Monday, September 26, 2016

Art from Sweden

We attended a Harvest-fest in the town of Finland, Minnesota, the other day. I don't know what they harvest up there in the woods, and the local band didn't even include an accordion!

Returning home, I found myself briefly immersed in Swedish culture.  

A Man Called Ove, a new film by Hannes Holm based on the (Swedish) best-seller by Fredrik Backman,  tells the tale of an aged grouch at a residential development who is no longer the manager but can't resist criticizing everyone for slight infractions of the compound's rules. His demeanor is dour and his comments are abrasive. Nobody likes him and we don't either. The film is littered with minor domestic incidents, serious accidents, touching moments, a few attempted suicides, and a house fire or two, during which we get to know some of his neighbors at the housing development, and especially an Iranian woman named Parvaneh who blithely ignores his gruff exterior and soon has him babysitting her two young children. We also learn about his long-time friend Rune, with whom Ove had a dispute years earlier that turned into a serious rift. You see, Ove will only drive a Saab, while Rune prefers a Volvo.
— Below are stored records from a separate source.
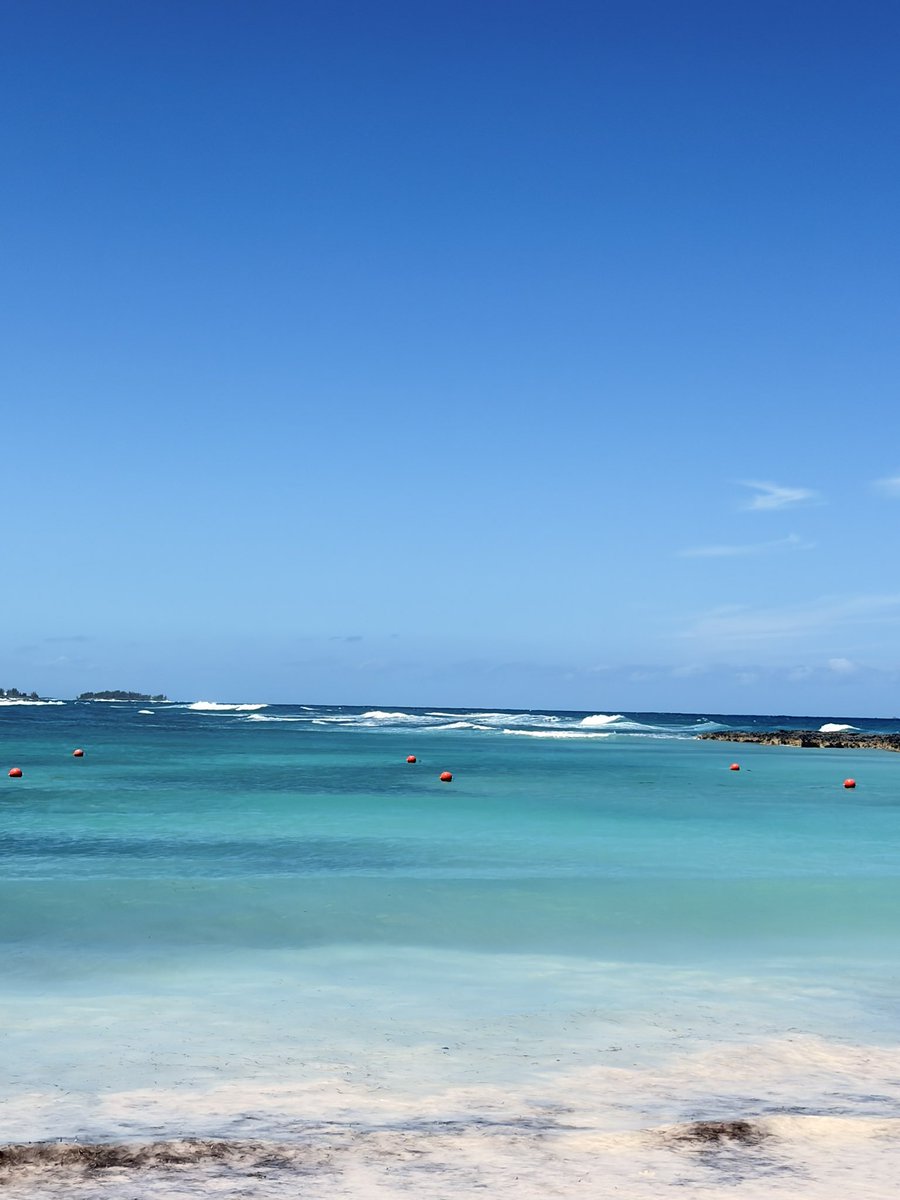 noahzones tweet media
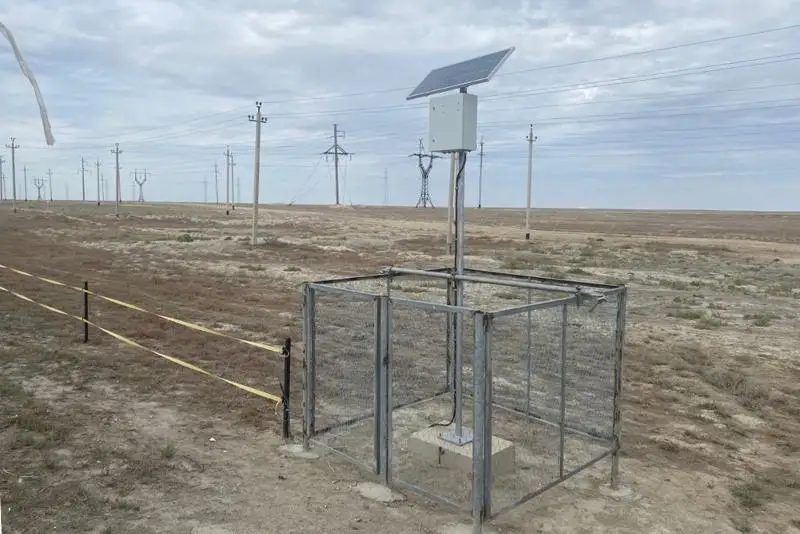 Электротоком будут отпугивать животных от трасс в Атырау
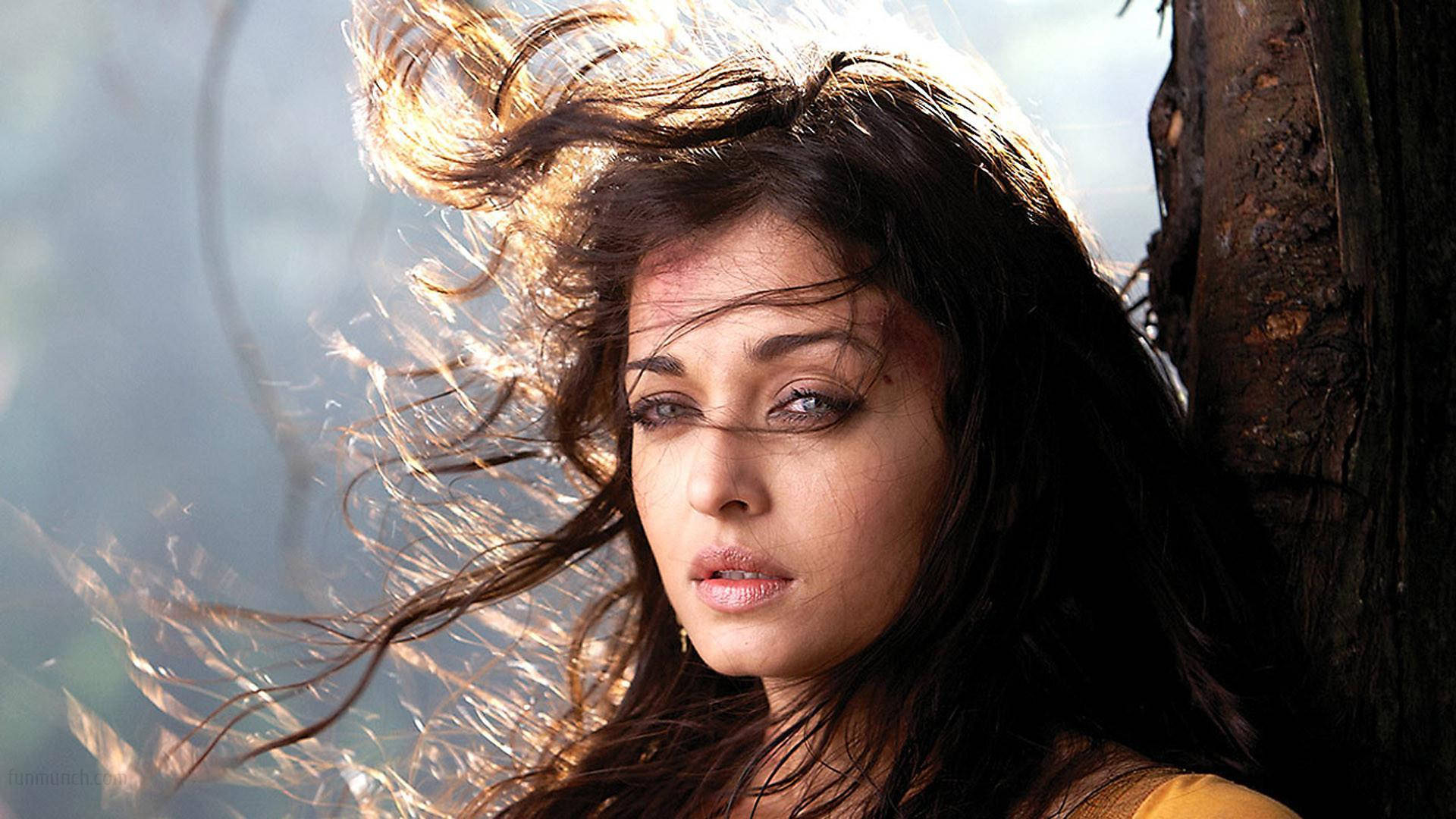 Aishwarya Rai, dark hair, tree trunk, Full HD Desktop Wallpaper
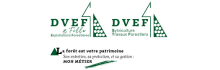 DVEF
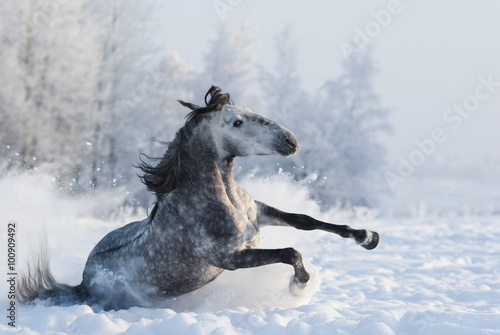 Grey purebred Spanish horse sliding on snow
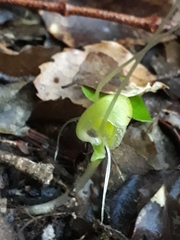 Corybas walliae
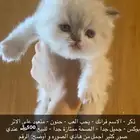 قط هملايا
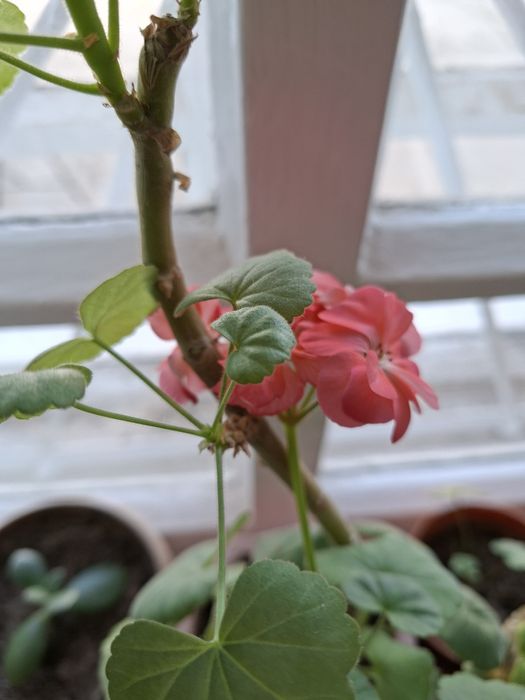 Герань - комнатный цветок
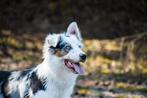 VERWACHT Australian shepherd pups, CDV (hondenziekte), Particulier, Meerdere, 8 tot 15 weken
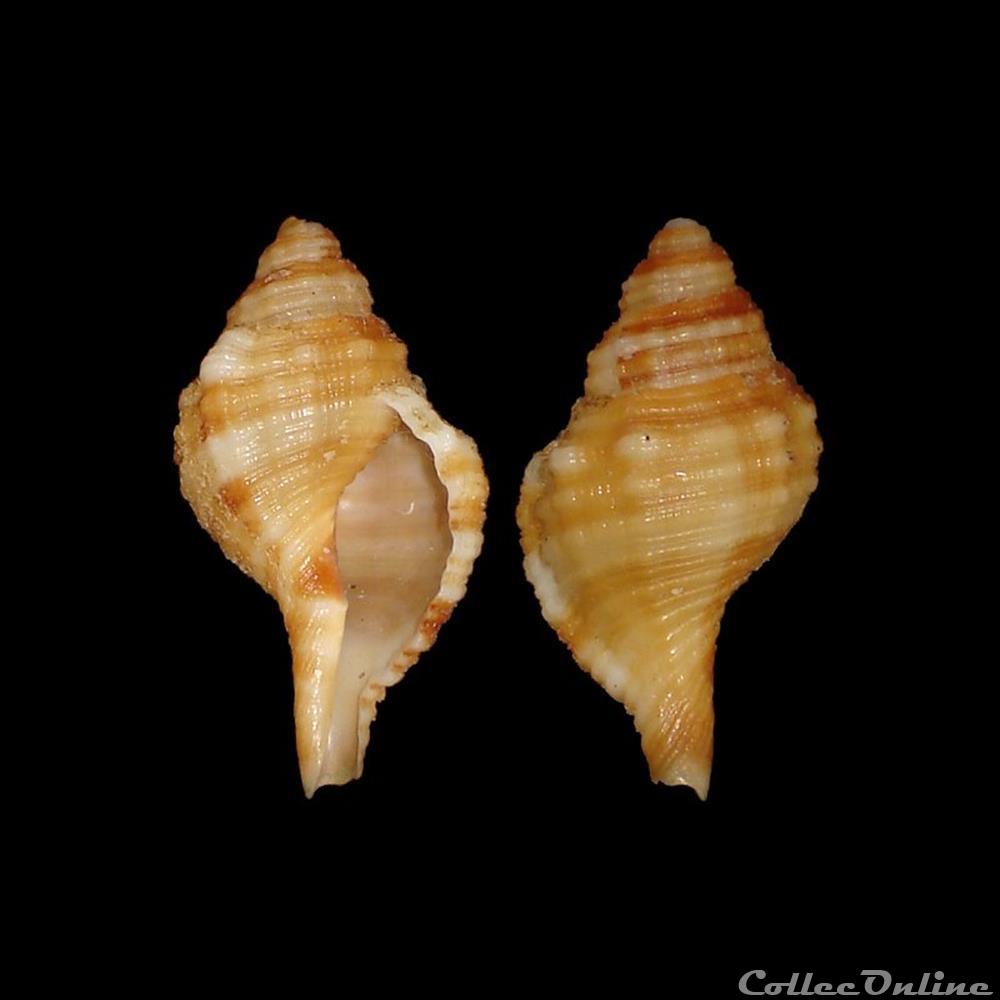 Cymatiidae - Monoplex aquatilis (Reeve, 1844) coquillages fossiles gastropoda cymatiidae monoplex aquatilis reeve 1844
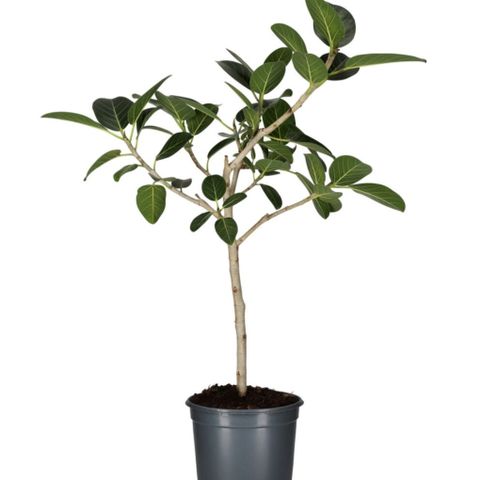 Ficus Benghalensis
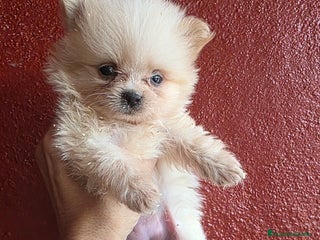 Pomerania perros - Anuncio 5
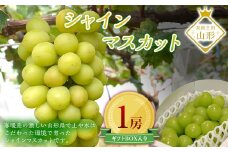 山形県産シャインマスカット 1房 約600g前後  マスカット ぶどう ブドウ 葡萄 デザート フルーツ 果物 くだもの 果実 食品 山形県 FSY-0195
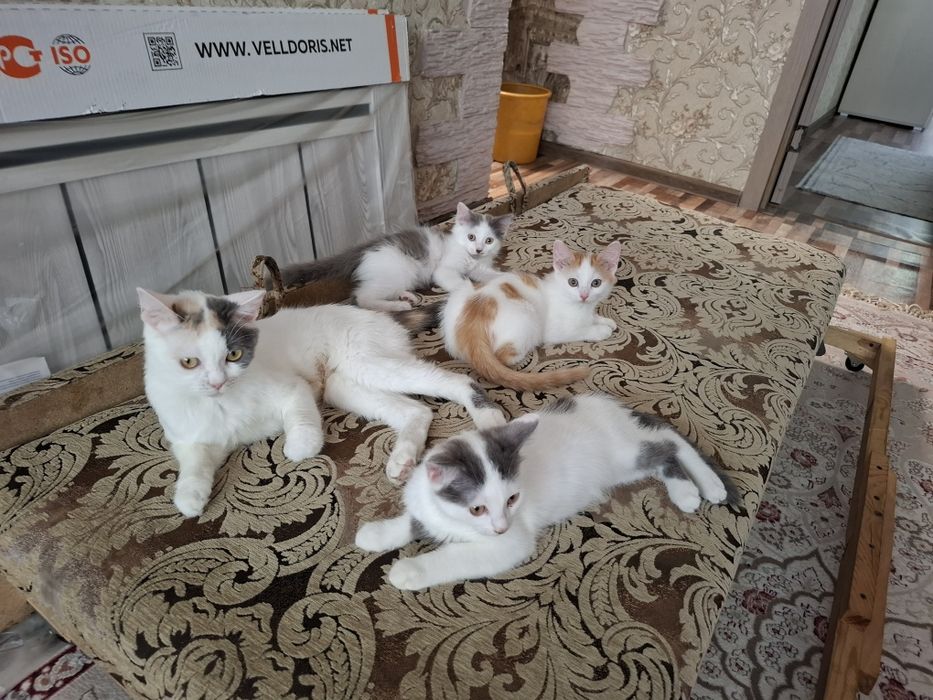Дарю 3 чудных котят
Interspersed with these episodic scenes are a series of lengthy flashbacks during which we learn something about Ove's early life, and especially how he met his remarkably charming wife Sonja (recently deceased).

It all adds up to an attractive, well-fashioned tale about a fairly unattractive man. He doesn't have a heart of gold, but as it turns out, he does, at least, have a heart.

Hannes Holm was in attendance at the screening, and he said a few words after the film. "I've been hearing about Minnesota since I was a boy," he said at one point, "and now I've finally got here."

He also mentioned that A Man Called Ove ranks as the third-highest grossing Swedish-language film in history.

After the screening I ran into Holm sitting with Susan Smoluchowski and a gentleman in a suit from the American Swedish Institute at a table in front of Pracna on Main and I couldn't help butting in to ask him what the two top-ranking films might be.

"Fanny and Alexander?" No.

"My Life as a Dog?" No.

"Sven Klang's Combo?" NO. But he couldn't remember. I later determined that The 100-Year-Old Man Who Climbed out a Window is tops. But that's as far as I got.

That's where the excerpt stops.